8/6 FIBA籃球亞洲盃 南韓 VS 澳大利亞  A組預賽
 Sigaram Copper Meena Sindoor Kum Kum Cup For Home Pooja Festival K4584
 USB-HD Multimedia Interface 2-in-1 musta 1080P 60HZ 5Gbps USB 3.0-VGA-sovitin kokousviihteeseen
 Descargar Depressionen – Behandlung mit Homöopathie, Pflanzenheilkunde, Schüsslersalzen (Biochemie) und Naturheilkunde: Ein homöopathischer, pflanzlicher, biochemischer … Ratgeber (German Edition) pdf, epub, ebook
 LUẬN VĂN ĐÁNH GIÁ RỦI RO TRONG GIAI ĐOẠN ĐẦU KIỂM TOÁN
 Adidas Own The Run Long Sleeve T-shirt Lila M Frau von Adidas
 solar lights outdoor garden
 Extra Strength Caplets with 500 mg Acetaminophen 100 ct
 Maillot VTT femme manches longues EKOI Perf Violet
_____
* **Exercise**: Set down the whole listing once more, exactly as it appears.

* **Response box**:
8/6 FIBA籃球亞洲盃 南韓 VS 澳大利亞  A組預賽
 Sigaram Copper Meena Sindoor Kum Kum Cup For Home Pooja Festival K4584
 USB-HD Multimedia Interface 2-in-1 musta 1080P 60HZ 5Gbps USB 3.0-VGA-sovitin kokousviihteeseen
 Descargar Depressionen – Behandlung mit Homöopathie, Pflanzenheilkunde, Schüsslersalzen (Biochemie) und Naturheilkunde: Ein homöopathischer, pflanzlicher, biochemischer … Ratgeber (German Edition) pdf, epub, ebook
 LUẬN VĂN ĐÁNH GIÁ RỦI RO TRONG GIAI ĐOẠN ĐẦU KIỂM TOÁN
 Adidas Own The Run Long Sleeve T-shirt Lila M Frau von Adidas
 solar lights outdoor garden
 Extra Strength Caplets with 500 mg Acetaminophen 100 ct
 Maillot VTT femme manches longues EKOI Perf Violet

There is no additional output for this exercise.